Que se pueda celebrar cómodamente: que no
entorpezcan flores, ni candelabros, ni estandartes...
Verse: que no se tape al
lector, ni a los ministros, con ciriales, o con rejas altas, o se establezcan
separaciones –propias de otros siglos, otra mentalidad y otra teología- con
barandillas...
b) El altar y su ornato
El
altar es el centro hacia el que convergen las miradas y el corazón.
Siempre
con un mantel blanco, corporal, cruz y candeleros.
El
Misal desea que el altar sea fijo, y no
móvil, por un significado profundo que remite a Cristo, “la piedra
angular”. Un altar fijo se presta, muchas veces, a tomarlo como cualquier
objeto que se pone y se quita a capricho. ¡Pero Cristo es la Roca!, y el altar, como dice
el ritual de la Dedicación,
“es Cristo” (“Ara Christus est”, Ritual de la Dedicación, cap. IV, n.
4).
Otro
breve aspecto, el exorno floral de la Mesa santa: “el empleo de las
flores como adorno para el altar ha de ser siempre moderado y se colocarán, más
que sobre la mesa del altar, en torno a él” (IGMR 305).
Y nunca
ha de faltar los candeleros –signos
festivos- y la Cruz,
bien visible, hermosa, cuyo sitio propio es sobre el altar o cerca de él,
no haciendo simetría con el ambón, o junto a éste. La Cruz parroquial,
preferentemente, debe estar al lado de la Mesa del altar visibilizando que el Misterio de la Cruz y Resurrección se hacen
presentes ahora en el Sacramento:
Los candeleros que en cada
acción litúrgica se requieren como expresión de veneración o de celebración
festiva, colóquense en la forma más conveniente, o sobre el altar o alrededor
de él o cerca del mismo, teniendo en cuenta la estructura del altar y del
presbiterio, de modo que todo forme una armónica unidad y no impida a los fieles ver fácilmente lo que sobre el altar se hace o
se coloca (IGMR 307; por tanto, discreción, no mucha altura, sin entorpecer
ni el paso de los ministros... el altar debe estar lo más despejado posible
para que resalte sólo el Cuerpo y la
Sangre de Cristo).
También sobre el altar o
junto a él debe haber una cruz, con la imagen de Cristo crucificado, de modo
que resulte bien visible para el pueblo congregado (IGMR 308; hay que evitar
que sea pues muy pequeña o semiescondida entre multitud de candelabros; lo
mejor: la cruz parroquial cerca de la
Mesa santa).
Aquí
retornamos a lo más clásico de la liturgia tanto romana como oriental: un
lugar, no un simple atril, para la dignidad de la Palabra de Dios proclamada
en la asamblea litúrgica. Elemento que, con el paso de los siglos se perdió,
leyéndose en privado en el mismo altar, o con dos pequeños facistoles para
distinguir la Epístola
del Evangelio. Pero la Iglesia
retorna a su Tradición, quiere un ambón con unas características completas y
propias, sólo para la
Sagrada Escritura.
La dignidad de la Palabra de Dios exige que
en la iglesia haya un lugar adecuado para su proclamación, hacia el que,
durante la liturgia de la palabra se vuelva espontáneamente la atención de los
fieles. Conviene que en general este lugar sea un ambón estable, no un facistol
portátil. El ambón según la estructura de cada iglesia, debe estar colocado de
tal modo que permita al pueblo ver y oír bien a los ministros ordenados y a los
lectores (IGMR 309).
Desde el ambón únicamente se
proclaman las lecturas, el salmo responsorial y el pregón pascual; pueden
también hacerse desde él la homilía y las intenciones de la oración universal.

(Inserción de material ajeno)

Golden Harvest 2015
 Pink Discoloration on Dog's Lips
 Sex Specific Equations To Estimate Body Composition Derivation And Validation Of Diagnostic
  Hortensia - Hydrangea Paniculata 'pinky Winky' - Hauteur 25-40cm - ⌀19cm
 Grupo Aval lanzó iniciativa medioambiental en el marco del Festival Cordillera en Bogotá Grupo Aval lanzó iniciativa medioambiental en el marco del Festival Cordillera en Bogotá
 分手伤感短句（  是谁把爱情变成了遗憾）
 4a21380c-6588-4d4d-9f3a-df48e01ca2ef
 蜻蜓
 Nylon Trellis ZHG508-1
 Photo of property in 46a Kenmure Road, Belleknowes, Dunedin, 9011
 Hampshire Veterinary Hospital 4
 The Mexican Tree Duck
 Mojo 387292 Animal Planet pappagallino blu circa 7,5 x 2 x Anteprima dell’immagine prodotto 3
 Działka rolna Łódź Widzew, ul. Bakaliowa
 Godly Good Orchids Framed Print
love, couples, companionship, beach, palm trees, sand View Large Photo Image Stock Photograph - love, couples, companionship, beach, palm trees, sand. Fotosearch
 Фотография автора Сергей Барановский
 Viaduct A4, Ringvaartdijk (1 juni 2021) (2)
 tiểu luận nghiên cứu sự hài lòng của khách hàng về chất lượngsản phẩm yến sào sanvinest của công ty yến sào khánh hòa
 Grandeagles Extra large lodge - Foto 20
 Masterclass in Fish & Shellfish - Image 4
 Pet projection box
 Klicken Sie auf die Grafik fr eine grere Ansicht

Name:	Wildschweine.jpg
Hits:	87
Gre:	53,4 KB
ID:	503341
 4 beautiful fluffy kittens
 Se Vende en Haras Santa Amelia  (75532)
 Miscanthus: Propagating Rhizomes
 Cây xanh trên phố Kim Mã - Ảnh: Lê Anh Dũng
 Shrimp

La dignidad del ambón exige que a él sólo suba el ministro de la palabra (IGMR
309)[1].
¿Qué hacer cuando hay que rezar el Rosario, o
recitar las preces de un triduo o novena, o dar avisos, o dirigir el canto? ¡En
otro sitio! Un pequeño atril, o coger el micrófono, pero saliéndose del ambón.
¿Y la homilía? Se puede
hacer desde el ambón, pero el sitio más apropiado es la sede, sitio que
simboliza a Cristo Maestro, reservando el ambón SÓLO para la Palabra de Dios.
d) La sede
La sede del sacerdote
celebrante debe significar su oficio de presidir la asamblea y dirigir la
oración. Por consiguiente, su puesto más apropiado será de cara al pueblo al
fondo del presbiterio, a no ser que la estructura del edificio o alguna otra
circunstancia lo impida...
En el presbiterio se colocan
las sillas para los sacerdotes concelebrantes...
El asiento del diácono se
sitúa cerca de la sede del celebrante. Los asientos para los otros ministros se
disponen de modo que se distingan de las sillas del clero y les permitan
cumplir con facilidad el oficio que se les ha confiado (IGMR 310).
La sede,
por tanto, es única. Los tres sillones iguales provienen de cuando el
sacerdote, diácono y subdiácono se sentaban durante el canto del Gloria y del
Credo (larguísimos, en la época de decadencia litúrgica). Hoy la sede es única,
digna, y las mismas sillas para las concelebrantes, sin distinguir los asientos
por títulos o dignidades.
En
la sede se presiden los ritos iniciales de la Misa, se realizan las acciones sacramentales
(Ordenaciones sacerdotales, profesión religiosa...) y es el lugar recomendado para hacer la homilía (IGMR 136), signo de
Cristo-Maestro que parte el Pan de la Palabra[2].
La sede
debe tener su pequeño realce: que cuando el sacerdote se siente se le vea
realmente; que sea digna, hermosa; a lo mejor una alfombra que realce este
sitio litúrgico... pero no cualquier sillón en un rincón desde donde no se
percibe con claridad que es el sacerdote el que preside in persona Christi
Capitis.
Así
situados, vemos que esto “pequeño” de la liturgia, cuando se conoce, ayuda a
vivir el Misterio de la
Eucaristía.
[1] “No es aconsejable que
suban al ambón otros como, por ejemplo, el comentador, el cantor o el que dirige
el canto” (OLM 33).
[2] “El sacerdote celebrante
pronuncia la homilía de pie o sentado, o también en el ambón” (OLM 26). “A su
término debe guardarse un oportuno silencio para que los fieles puedan meditar
lo que han escuchado. Respecto del lugar, éste puede ser la sede del celebrante
o el ambón, no el altar. Si se hace la homilía desde la sede se destacará el
carácter presidencial y jerárquico del ministerio de la predicación litúrgica,
del que la sede es signo...” (Comisión Episcopal de Liturgia, Partir el pan de la Palabra, nº 28).